Suzie Eisfelder
November 7, 2011

Typing on an iPad is a very different experience.  I learnt to touch type on a manual typewriter, my teacher was of the old school and she expected us to know where all the keys were without looking down on the keyboard.  Thanks to her I can now take notes at meetings or conferences without looking at my computer and that makes it very much easier as it means I don’t have to change my glasses in order to read what I’m typing, I can just keep typing while looking at the room or looking up at the white board or screen or just close my eyes. As an aside, I always wonder what people think when they see me close my eyes while continuing to type.

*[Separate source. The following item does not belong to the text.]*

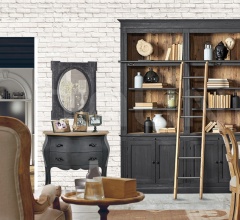 Комод DB004609 Комод DB004609 фабрика Dialma Brown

What makes this possible is a keyboard I can feel, with raised dots on two of the ‘home’ keys, the ‘f’ and ‘j’ keys, the ones I rest my forefingers on. I recall in 1980, when Dad bought a Sinclair ZX80 home computer, having great trouble with the keyboard as it was a membrane keyboard and there was very little tactile information coming back to me from my fingers.  It was very annoying to type with, I had to look down at my fingers and I had no idea where the keys were (this could be another article entirely). The computer itself was very annoying as it had almost no memory and the only way you could store programmes was to save them onto audio cassette which rarely loaded them back onto the computer, we found it less time consuming and easier on the nerves to type it all in again every time we wanted that programme. We also ran into problems when someone else wanted to watch TV as it used the TV as a display. The fact that there were several of us all wanting a go didn’t help. Anyway, if you want more information about them you can google it yourself and not rely on my fading memory, what I was wanting to write about is typing on the iPad.

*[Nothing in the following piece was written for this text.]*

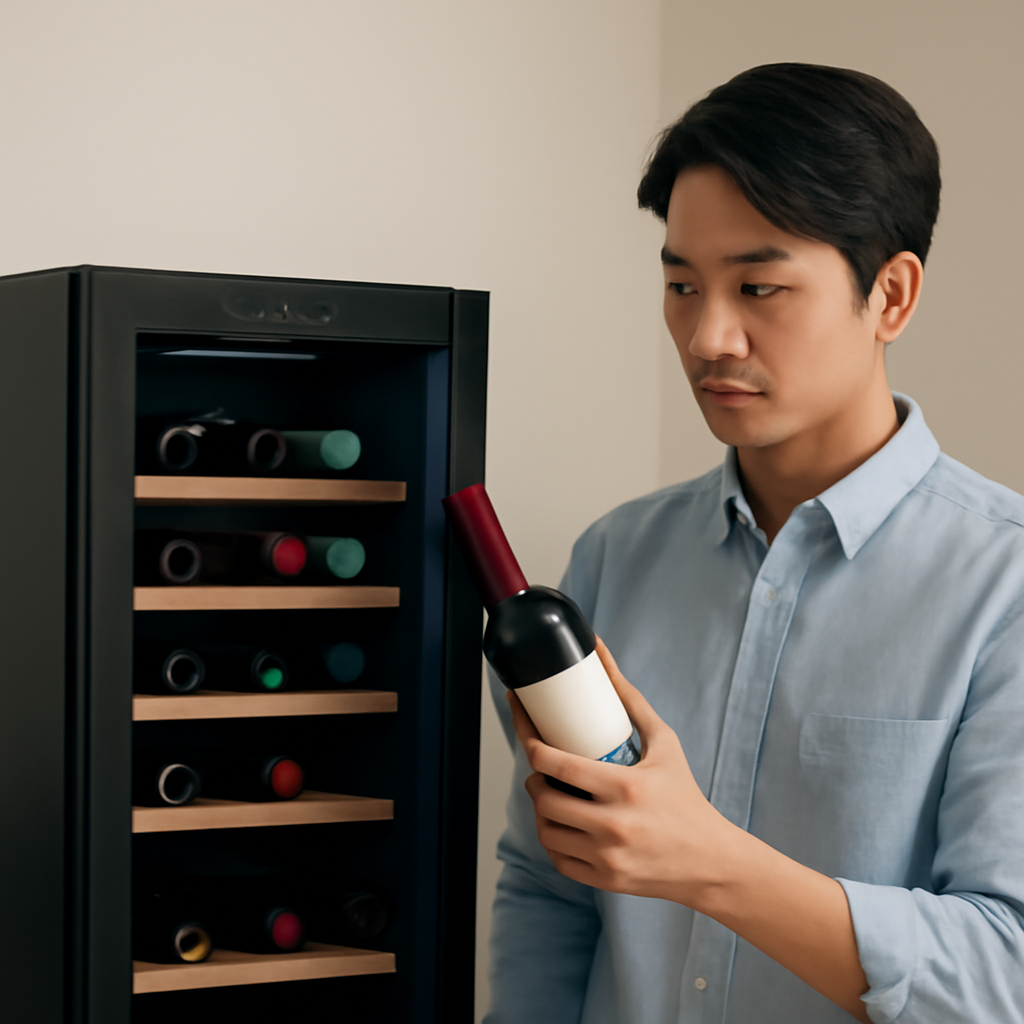 와인셀러추천 대표 이미지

The iPad has an onscreen keyboard.  It’s a little smaller than a regular laptop but not so small that I can’t fit my hands on it, it’s handy having small hands sometimes. The problem is it has no tactile feedback, no little raised bumps on any of the keys and I get absolutely zero feedback as to if I’m actually hitting the keys, let along the right keys.  I am managing to type quite a bit on it but I do need to spend a lot of time looking at the keyboard which is not so good for my neck. One thing I’ve noticed is that I’m starting to spend less time looking and I’m even getting some of the typing right despite not looking at it.

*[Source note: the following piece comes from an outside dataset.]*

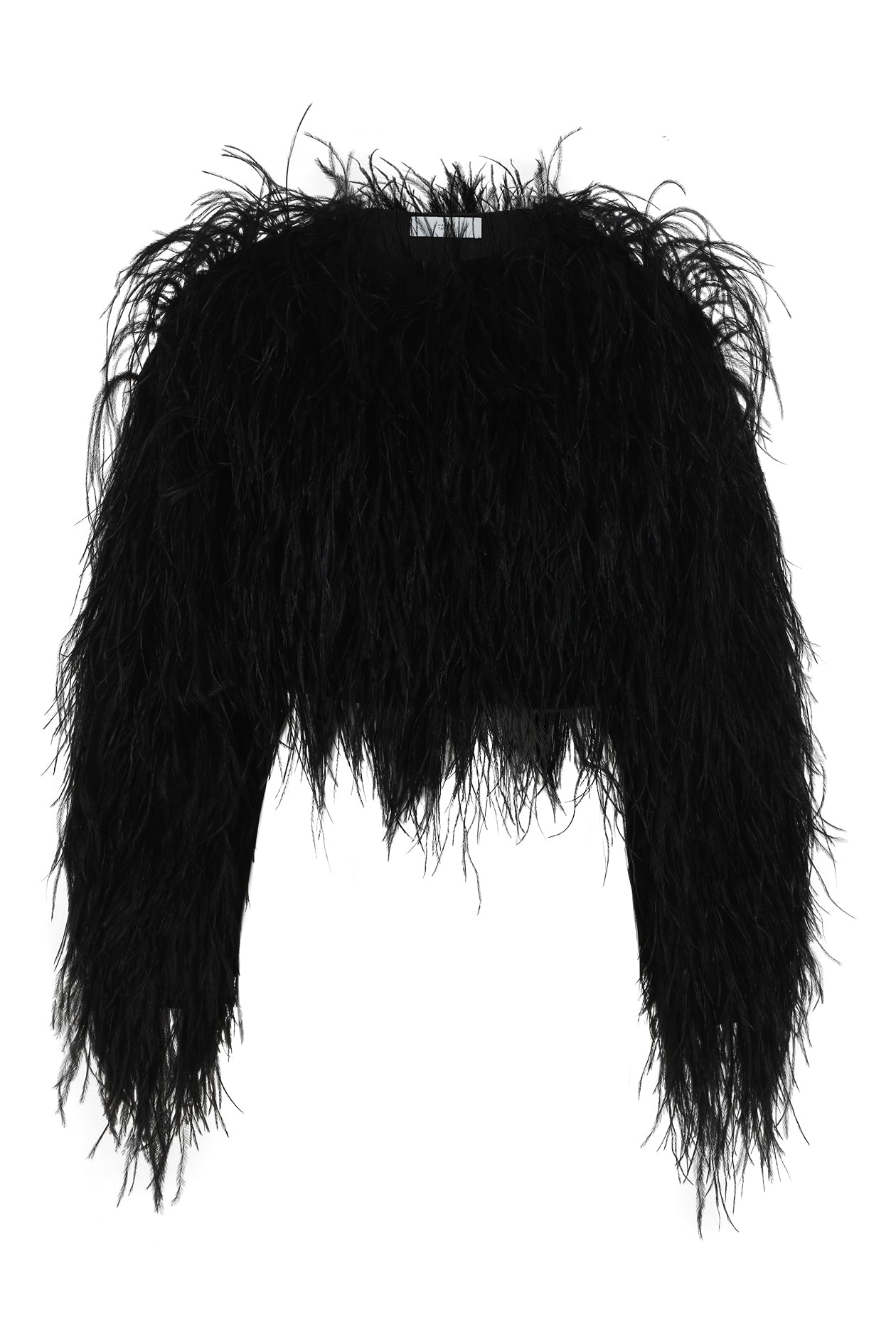 Aitti Jacket in Ostrich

One thing that helps enormously is the predictive text programmed into the iPad.  Little things like capitalising the word ‘I’ are challenging as you need to hit the arrow to make the letter a capital then hit the letter then the space bar so it makes me have to think about typing this one letter word. Thanks to predictive text by just hitting the space bar both before and after the letter I find it’s capitalised the word. It also helps in so many other ways often completing the words for me but sometimes it has its drawbacks and gives me a word I’m not wanting to use making the sentence make absolutely no sense.

I’m going to continue using the iPad for typing as it’s really useful while I’m out and about, it’s going to be awesome for my travels in NZ and I plan to use it for writing quite a bit. I have several articles for both this blog and someone else’s blog I’ve been planning for a while but haven’t had time to write so I’ll be taking the opportunity of being away from most of my other activities to catch up on many of these articles.